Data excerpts

<<<<

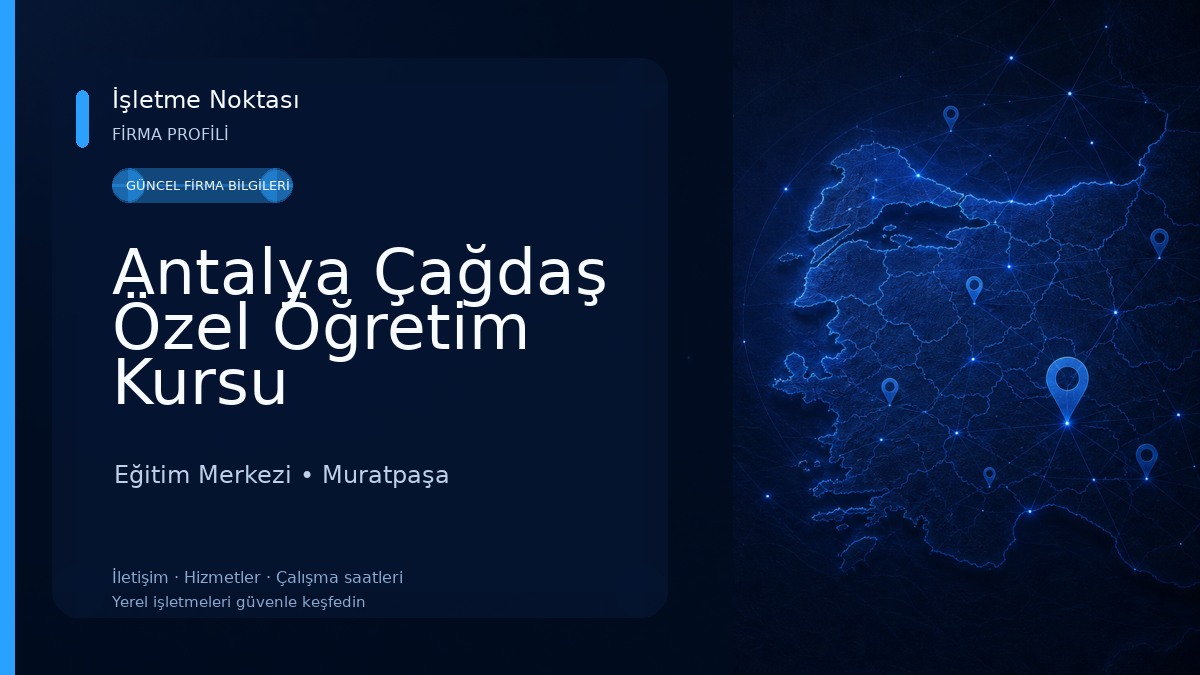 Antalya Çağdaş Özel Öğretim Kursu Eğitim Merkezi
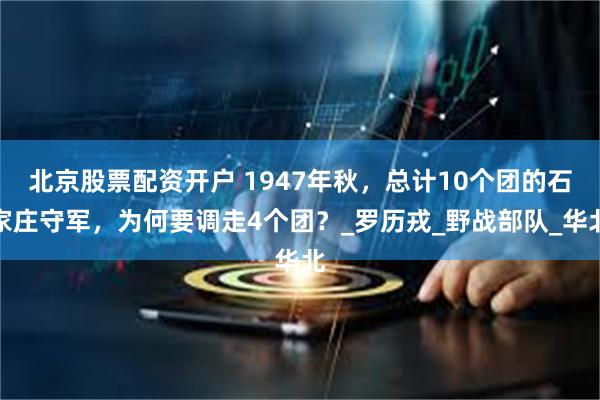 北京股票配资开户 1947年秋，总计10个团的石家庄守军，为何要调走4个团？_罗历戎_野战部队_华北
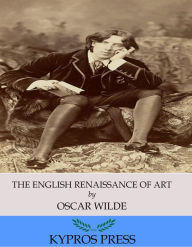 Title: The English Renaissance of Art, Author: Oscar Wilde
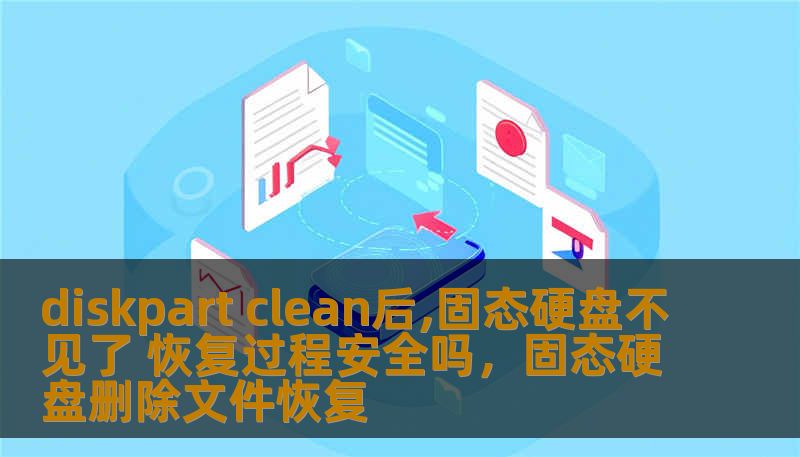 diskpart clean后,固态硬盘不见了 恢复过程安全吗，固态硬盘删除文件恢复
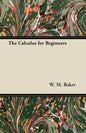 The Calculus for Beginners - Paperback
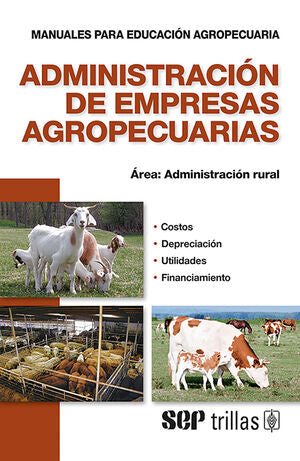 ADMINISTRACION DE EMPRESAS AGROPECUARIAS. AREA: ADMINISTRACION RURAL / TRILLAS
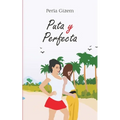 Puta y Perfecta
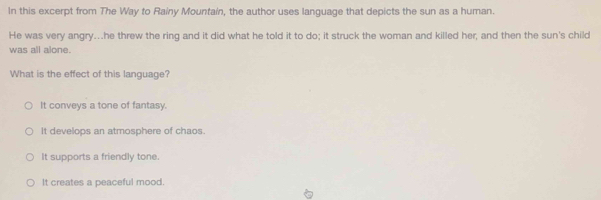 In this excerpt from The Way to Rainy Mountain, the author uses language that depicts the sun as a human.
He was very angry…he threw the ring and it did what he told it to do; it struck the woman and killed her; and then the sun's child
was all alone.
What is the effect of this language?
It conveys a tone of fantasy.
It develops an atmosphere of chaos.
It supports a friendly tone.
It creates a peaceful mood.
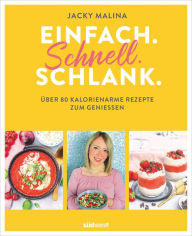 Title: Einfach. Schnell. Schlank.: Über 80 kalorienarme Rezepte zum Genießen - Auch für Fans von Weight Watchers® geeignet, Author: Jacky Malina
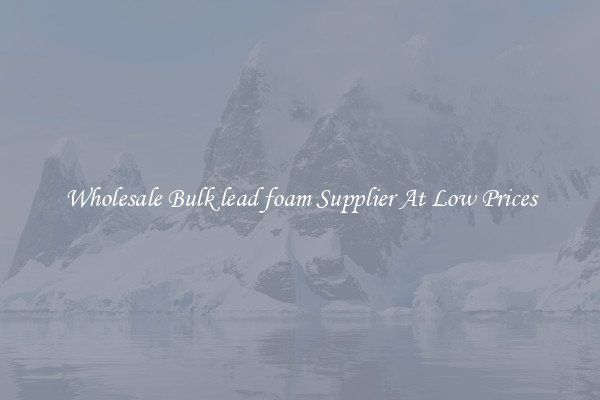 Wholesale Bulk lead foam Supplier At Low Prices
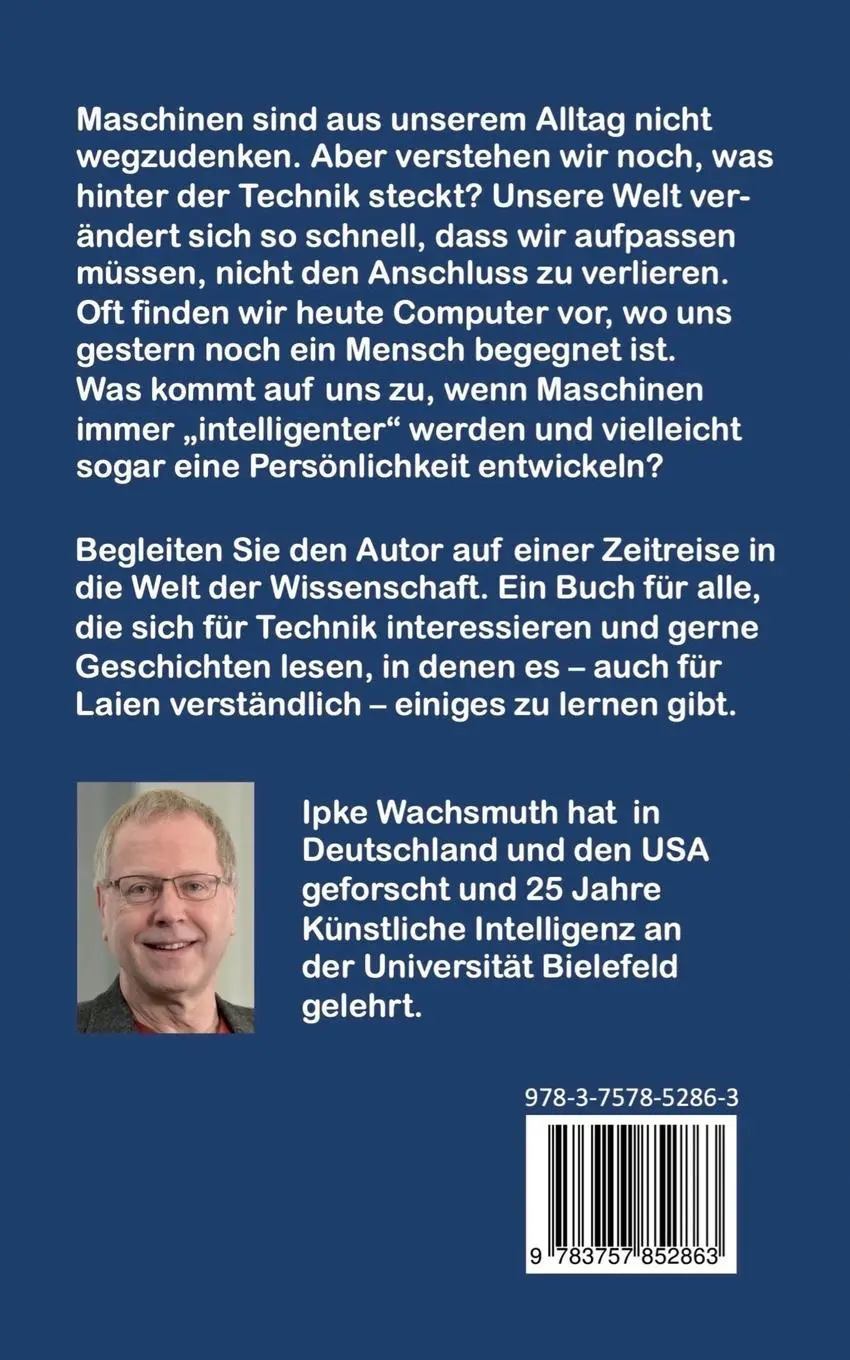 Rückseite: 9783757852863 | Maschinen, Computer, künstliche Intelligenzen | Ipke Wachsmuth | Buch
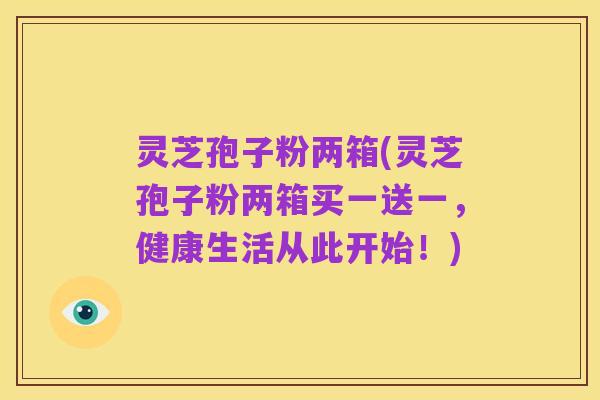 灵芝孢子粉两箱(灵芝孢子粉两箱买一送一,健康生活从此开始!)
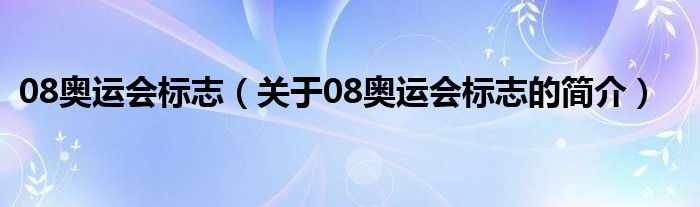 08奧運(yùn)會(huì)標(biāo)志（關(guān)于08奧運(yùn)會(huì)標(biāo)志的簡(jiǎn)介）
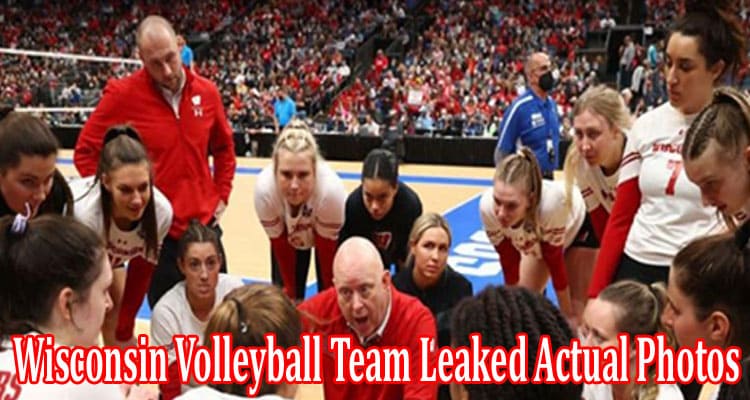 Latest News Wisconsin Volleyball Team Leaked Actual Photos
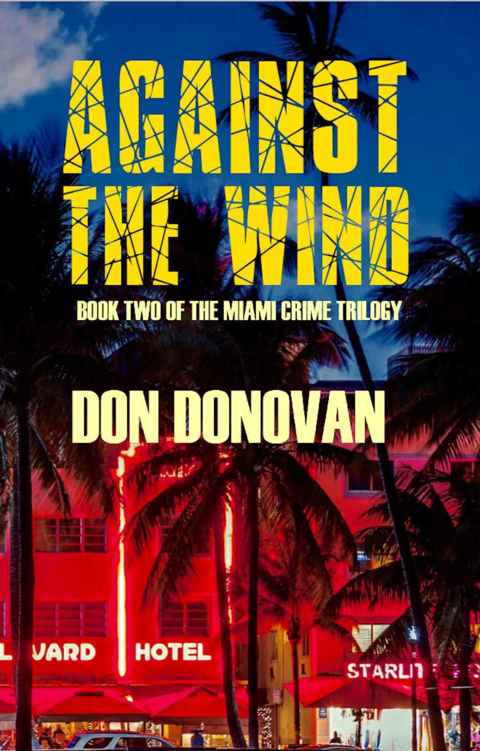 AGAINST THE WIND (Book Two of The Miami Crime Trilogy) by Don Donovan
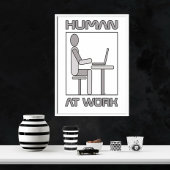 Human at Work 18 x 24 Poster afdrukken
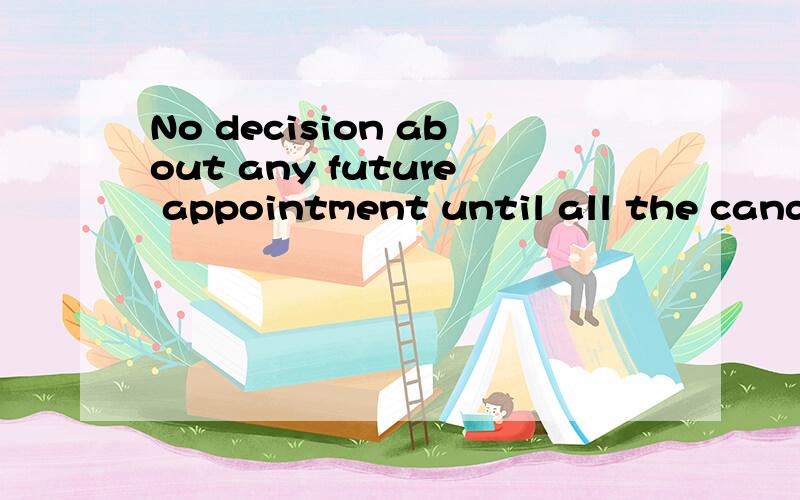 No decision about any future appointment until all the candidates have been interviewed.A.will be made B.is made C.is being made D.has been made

>>>>

== TASK DETAILS ==
From the records above, copy exactly the stretch from the line holding "What is the effect of this language?" through the line holding "Wholesale Bulk lead", both ends included, without the pictures.

== RESPONSE BELOW ==
What is the effect of this language?
It conveys a tone of fantasy.
It develops an atmosphere of chaos.
It supports a friendly tone.
It creates a peaceful mood.
 Title: Einfach. Schnell. Schlank.: Über 80 kalorienarme Rezepte zum Genießen - Auch für Fans von Weight Watchers® geeignet, Author: Jacky Malina
 Wholesale Bulk lead foam Supplier At Low Prices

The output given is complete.